RECORDS SHOWN:

*-*-*

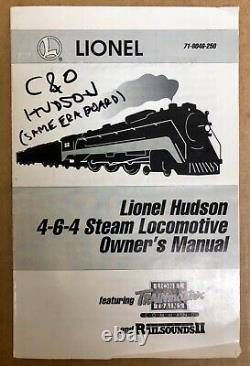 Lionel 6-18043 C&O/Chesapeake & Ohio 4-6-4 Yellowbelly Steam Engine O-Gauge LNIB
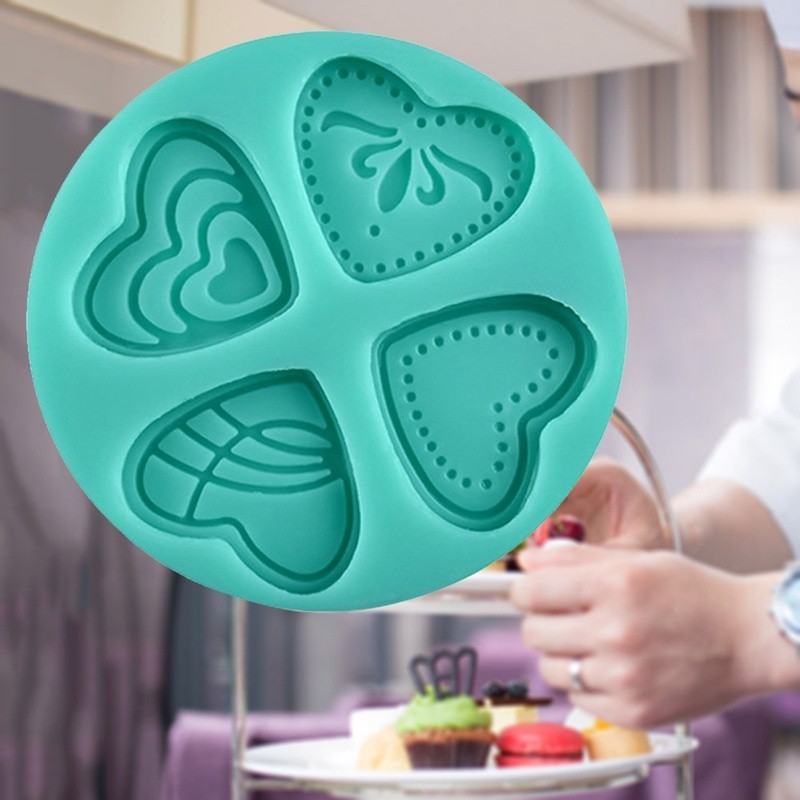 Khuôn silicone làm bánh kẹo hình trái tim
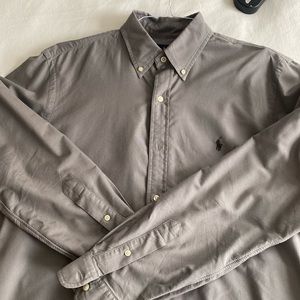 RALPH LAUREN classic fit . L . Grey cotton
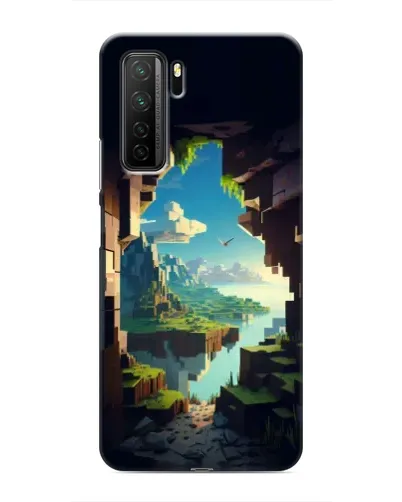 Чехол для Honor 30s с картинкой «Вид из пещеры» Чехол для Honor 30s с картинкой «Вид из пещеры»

*-*-*

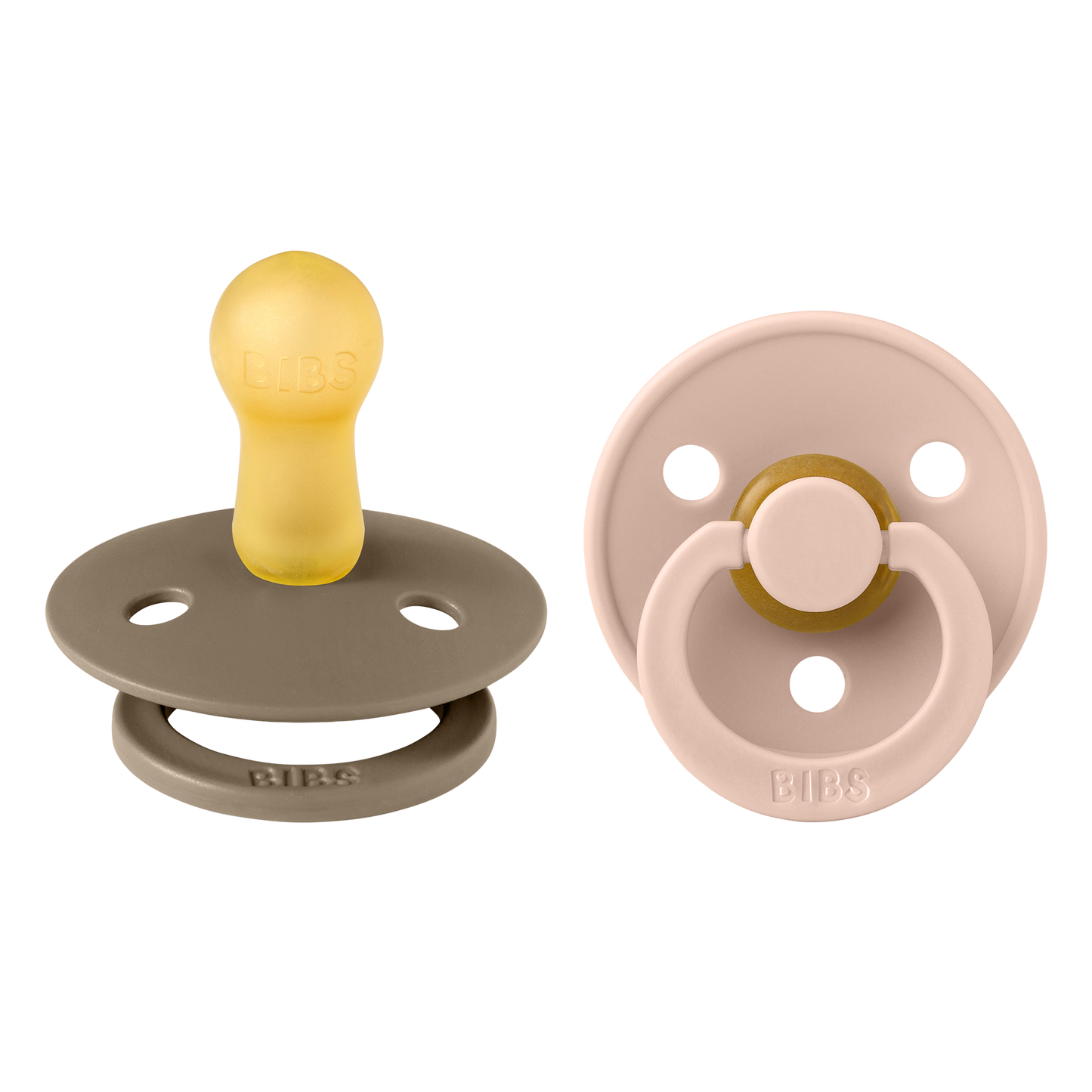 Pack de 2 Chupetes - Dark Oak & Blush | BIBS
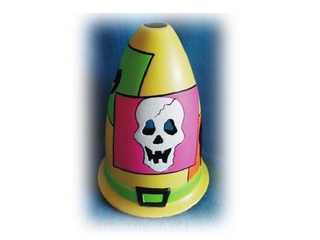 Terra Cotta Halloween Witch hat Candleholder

*-*-*

EXERCISE REQUIREMENTS:
Starting at the line above that holds "Pack de 2 Chupetes - Dark Oak & Blush | BIBS", return each line up to and including the one that holds "Terra Cotta Halloween Witch hat Candleholder", exactly as written, minus any pictures.

ANSWER TO THIS EXERCISE:
 Pack de 2 Chupetes - Dark Oak & Blush | BIBS
 Terra Cotta Halloween Witch hat Candleholder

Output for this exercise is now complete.